> [REQUIRED ACTION]: Without the pictures, set down exactly the lines from the one that contains "Cloud Bag With" to the end of the entries, both included, and nothing besides.

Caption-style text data
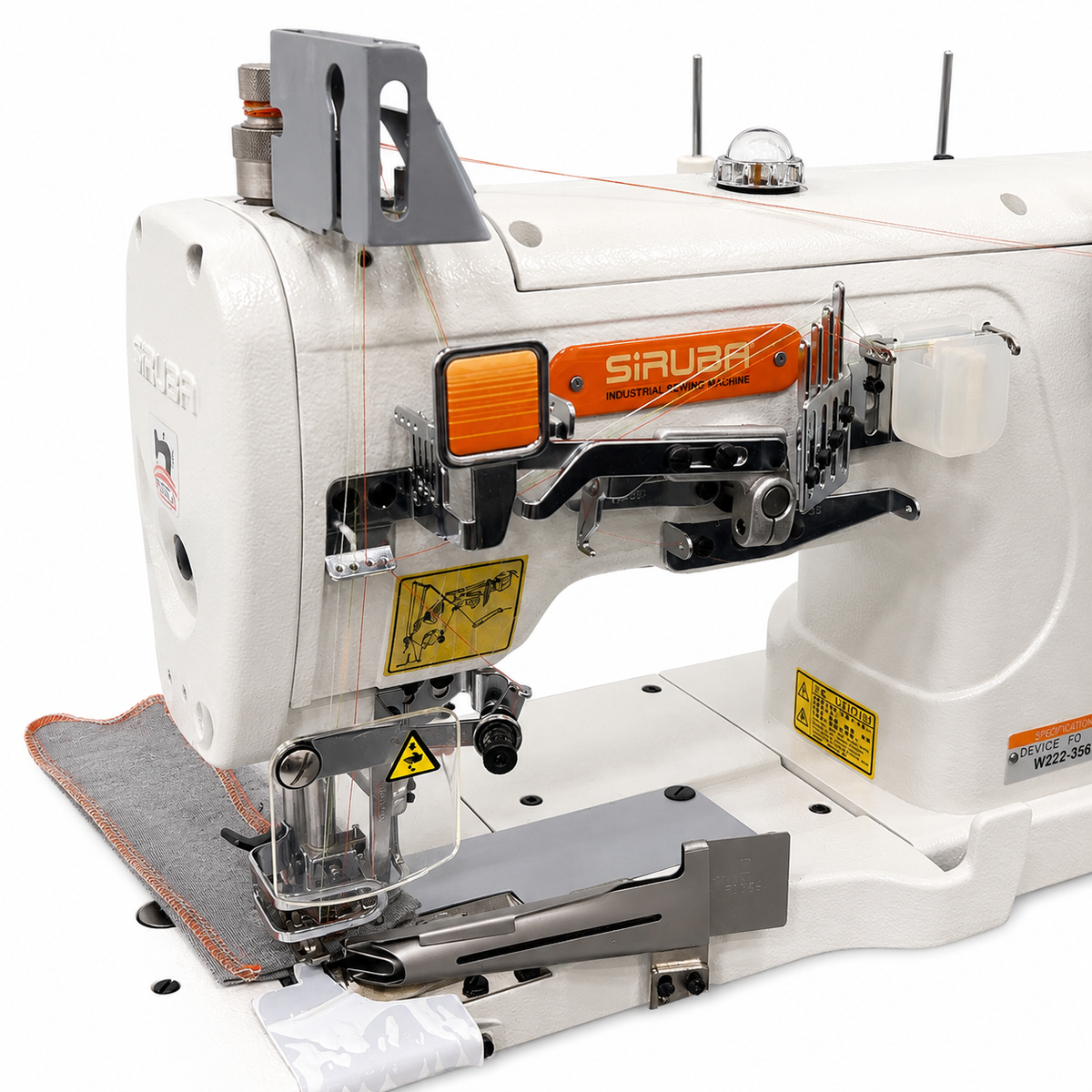 Machine  SIRUBA® F007K-W222-356/FQ 3-Needle Flatbed Coverstitch Industrial Sewing Machine with Binding Device – Complete with Table & Stand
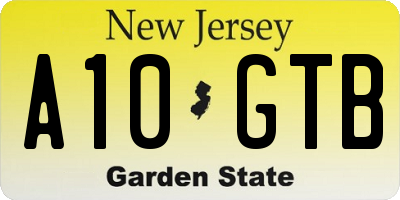 NJ license plate A10GTB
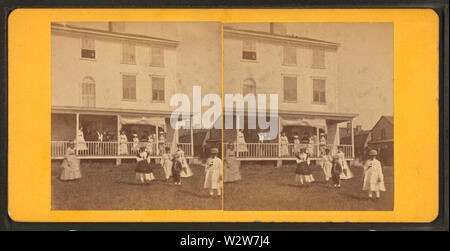 Group playing croquet in front of house or boarding house, by Joshua Appleby Williams 3 Stock Photo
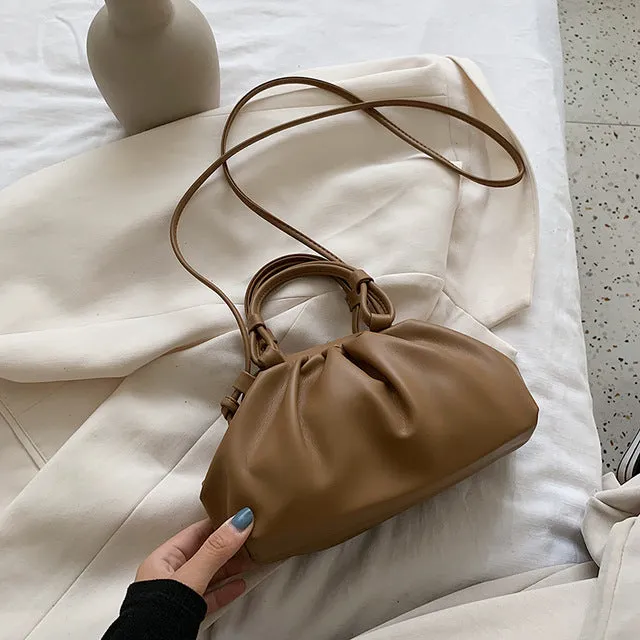 Cloud Bag With  Shoulder Handle Design Small PU Leather Crossbody Bags For Women 2020 Summer Female Elegant Shoulder Handbags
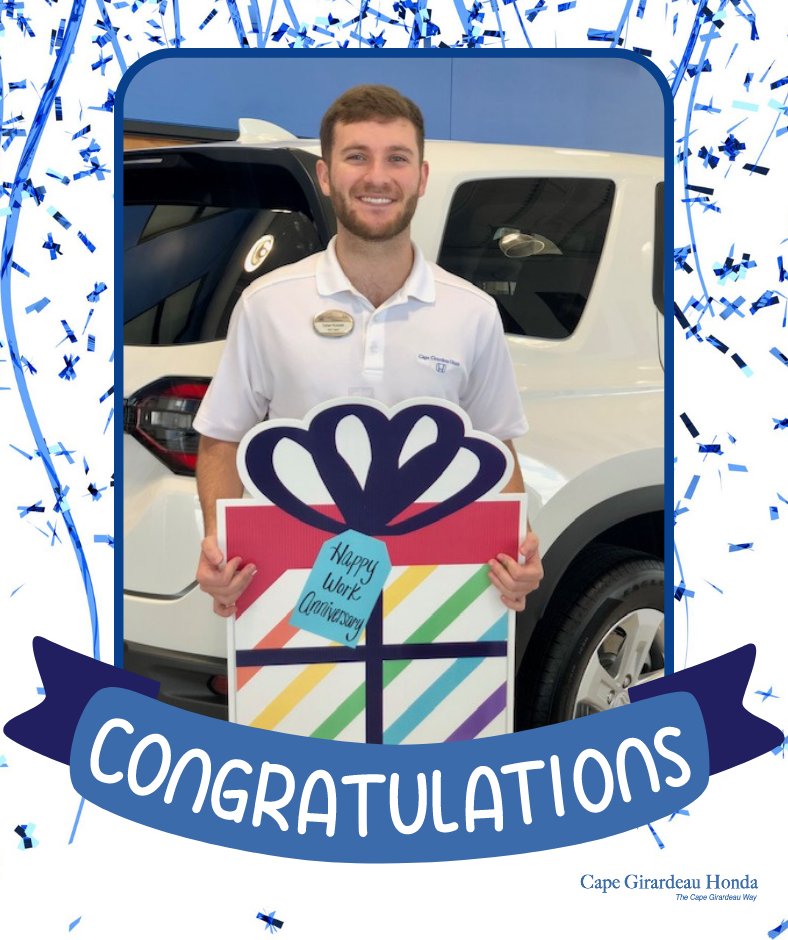 Celebrating 13 Years with Amanda Stoverink - our Office Manager and 3 Years with Dylan Kooyler (BDC Sales)!  🎉🎉

#WorkAnniversary #CapeGirardeauHonda #CGHFamily #OfficeManager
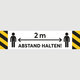 Abstand halten! Personen 2 m (gelb-schwarz)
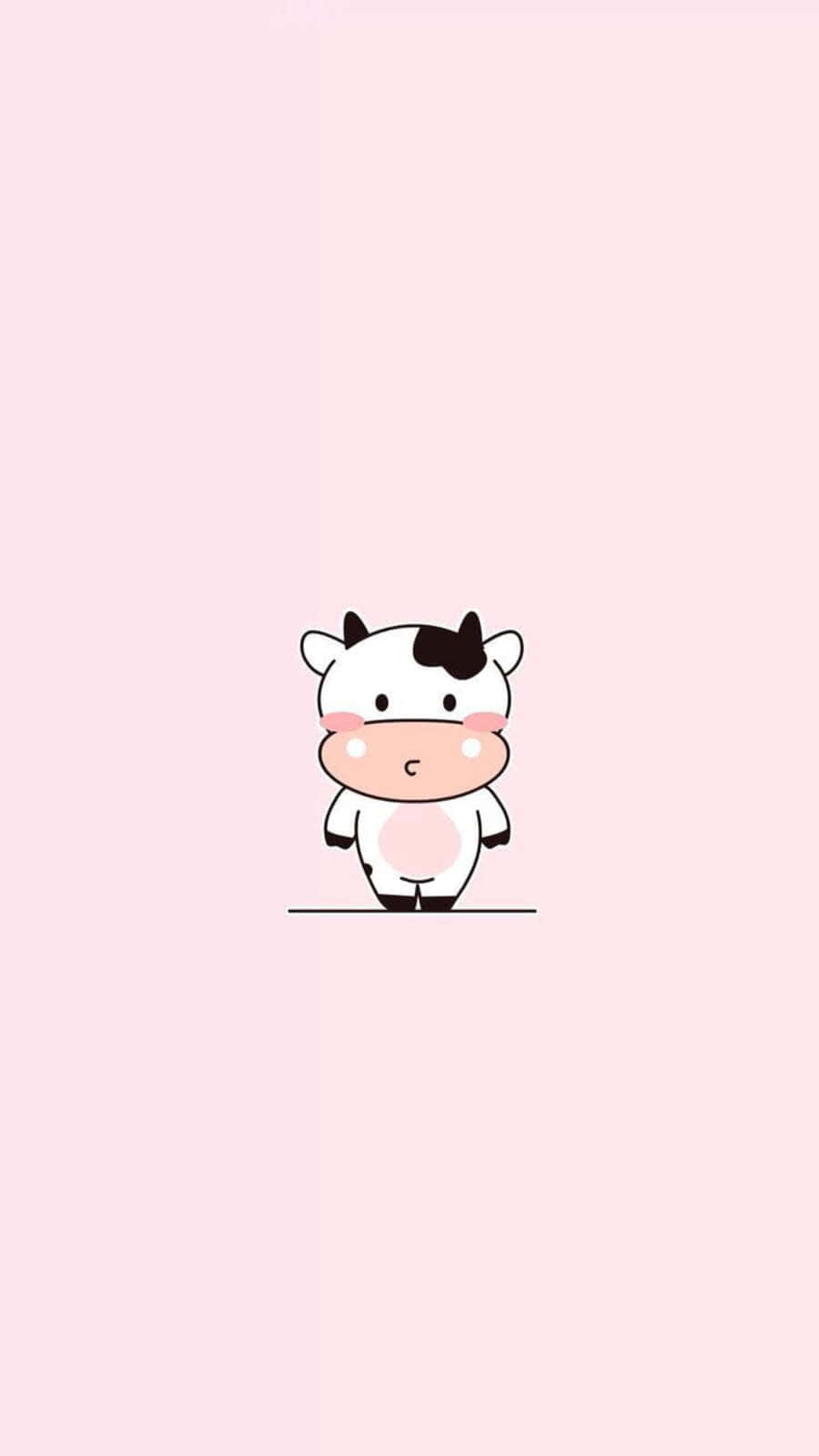 Adorable Kawaii Strawberry Cow Illustration Background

> [OUTPUT]:
 Cloud Bag With  Shoulder Handle Design Small PU Leather Crossbody Bags For Women 2020 Summer Female Elegant Shoulder Handbags
 Celebrating 13 Years with Amanda Stoverink - our Office Manager and 3 Years with Dylan Kooyler (BDC Sales)!  🎉🎉

#WorkAnniversary #CapeGirardeauHonda #CGHFamily #OfficeManager
 Abstand halten! Personen 2 m (gelb-schwarz)
 Adorable Kawaii Strawberry Cow Illustration Background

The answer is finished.